緑膿菌サイトトキシン受容体の生化学的解析

铜绿假单胞菌细胞毒素受体的生化分析

• 批准号: 09770174
• 负责人: 大西 真
• 金额: $ 1.47万
• 依托单位: Shinshu University
• 依托单位国家: 日本
• 项目类别: Grant-in-Aid for Encouragement of Young Scientists (A)
• 财政年份: 1997
• 资助国家: 日本
• 起止时间: 1997 至 1998
• 项目状态: 已结题
• 来源: https://kaken.nii.ac.jp/en/grant/KAKENHI-PROJECT-09770174/
• 关键词: 緑膿菌; 細胞毒素; 毒素受容体; 毒素; 受容体

今年度は緑膿菌サイトトキシン(CTX)受容体分子の単離・精製を行うことを目標に以下の実験を行った。膜表面ビオチン化リンパ球の界面活性剤処理後可溶画分にCTXを加え、CTXとそれに結合する分子とを架橋試薬により固定化し、抗CTX抗体を用いて免疫沈降をおこなった。沈降物をSDS-PAGEで分離後膜に転写し、ストレプトアビジン/アルカリ性ホスプァターゼ標識抗ストレプトアビジンを使ってCTX結合蛋白を同定を試みた。しかしながら、特異性および再現性に問題があり、今回使用した系の最適化が必要と考えられた。また、CTXは、GPI分子でアシカリングしている膜蛋白を介して標的細胞膜へ結合していることを示唆する知見を昨年度得たので、膜表面ビオチン化リンパ球のPI-PLC処理したのち同様の実験をおこなったが充分な結果は得られなかった。加えて,これまでの解析でPI-PLC処理により遊離した分子がCTXに結合可能である確証がえられなかった。特異性の問題を解決するためには結合能を失った変異毒素を作成し、解析のコンロールに使用することが結合蛋白の同定に重要であると考えられる。そこでPCRによるランダム変異法で変異毒素を得るためのスクリーニング法を確立した。これまで12種類の一アミノ酸残基置換活性低下変異毒素の取得に成功している。これらの性状解析を行うことで結合能低下毒素をえることが期待され、受容体分子の単離に利用できると考えられる。本毒素に対する各種の培養細胞感受性を検討したが、これまでの解析のなかで最も感受性をしめすウサギ好中球に匹敵する高感受性細胞は見つからなかった。今後高感受性培養細胞を検索することが本研究の発展に必要と考えられた。

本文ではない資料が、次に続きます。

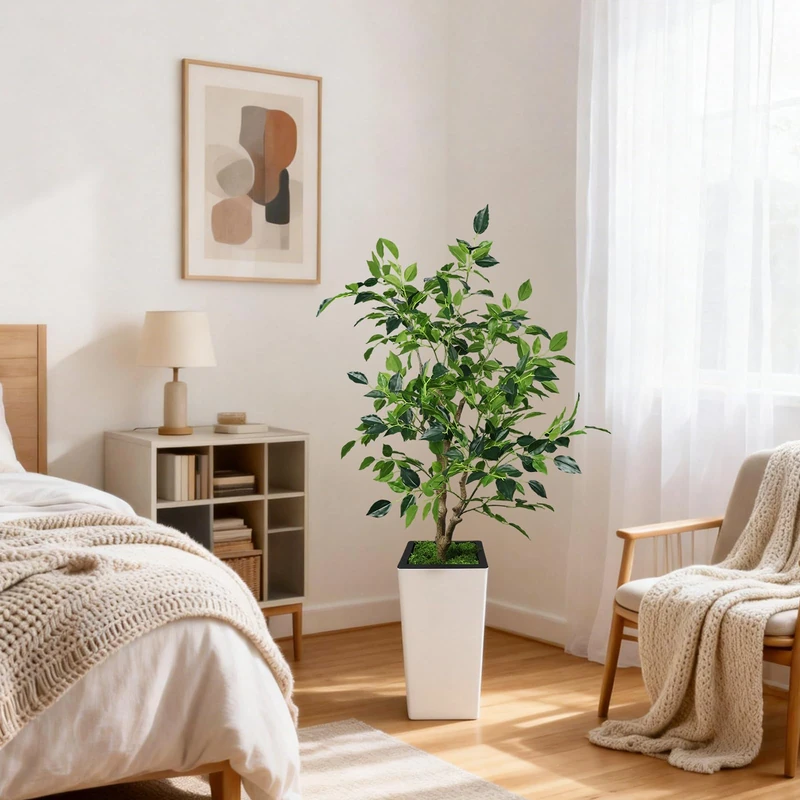 GarveeHome Ficus Tree Artificial Plant Fake Plant Plastic Plants Artificial Plants Artificial Tree for Living Room Bedroom Office Garden Decoration - Image 1
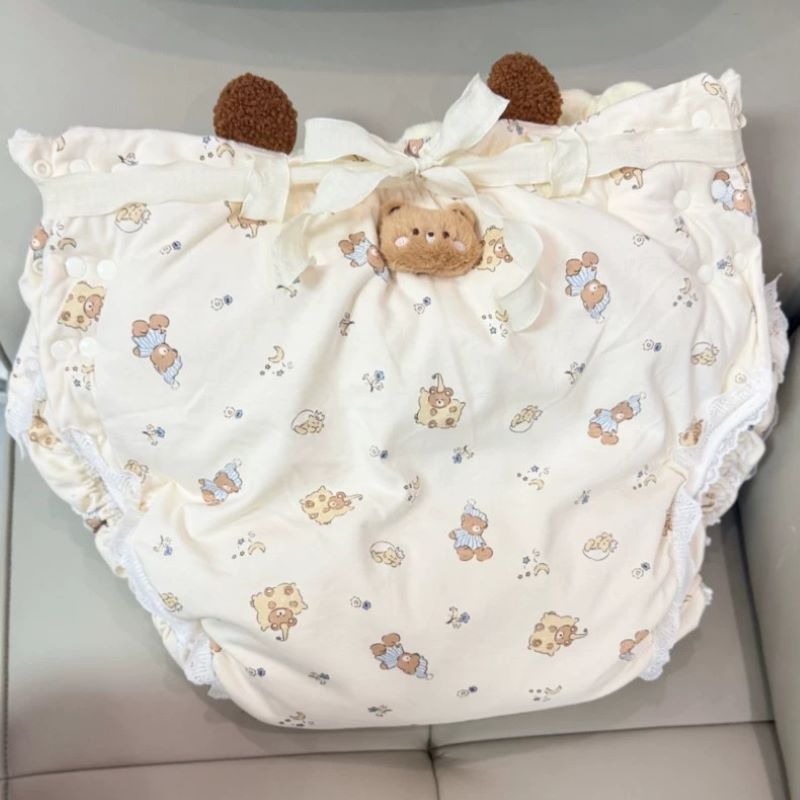 Diapering - 성인용 면 소재 만화 패턴 기저귀,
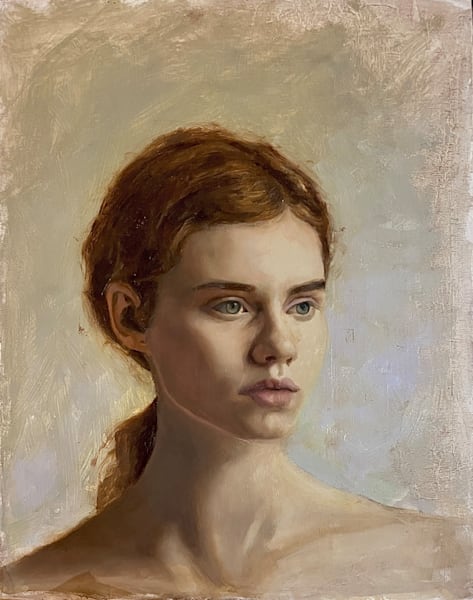 Study For Brigid   Original Oil Painting Art | Conte Artworx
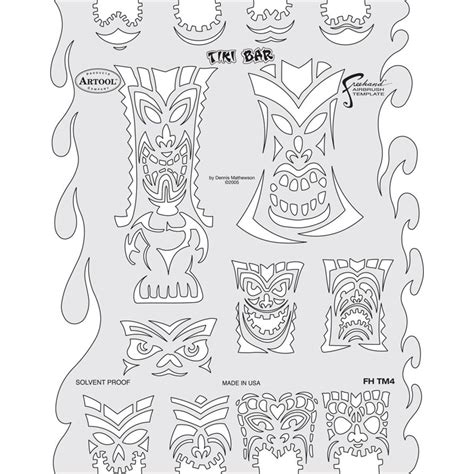 Artoolproducts Artool Freehand Airbrush Template Tm4 Tiki Bar Colours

This year, Pseudomonas aeruginosa (CTX) receptor molecular isolation and purification, the following objectives The surface of the membrane was treated with an interfacial active agent, and the soluble CTX was added to the membrane. The molecular bridging assay was used to immobilize the membrane. The anti-CTX antibody was used to immunize the membrane. After SDS-PAGE separation of the sediment, the CTX binding protein was identified and determined. The problem of specificity and reproducibility is that optimization of the system is necessary. In addition, CTX and GPI molecules are involved in membrane protein binding to target cell membranes. Add to this the analysis of PI-PLC treatment of free molecules and CTX binding may be confirmed. The problem of specificity is solved by the analysis of isotoxins and the identification of binding proteins The PCR method was established to detect isotoxins. These 12 kinds of isotoxins have been successfully obtained with low acid residue replacement activity. The analysis of these characters shows that the binding energy is low, the toxin is expected to be low, and the receptor molecule is isolated and utilized. The sensitivity of various cultured cells to this toxin is discussed, and the most sensitive cells are analyzed. It is necessary to investigate the development of high sensitivity culture cells in the future

项目成果

Makoto Ohnishi: "Purification and characterization of procytotoxin of Pseudomonas aeruginosa pimer to monomer conversion of protoxin by proteolytic activation" J.Biol.Chem.273・1. 453-458 (1998)

Makoto Ohnishi：“通过蛋白水解活化将铜绿假单胞菌二聚体的原细胞毒素纯化和表征为原毒素单体”J.Biol.Chem.273·1（1998）。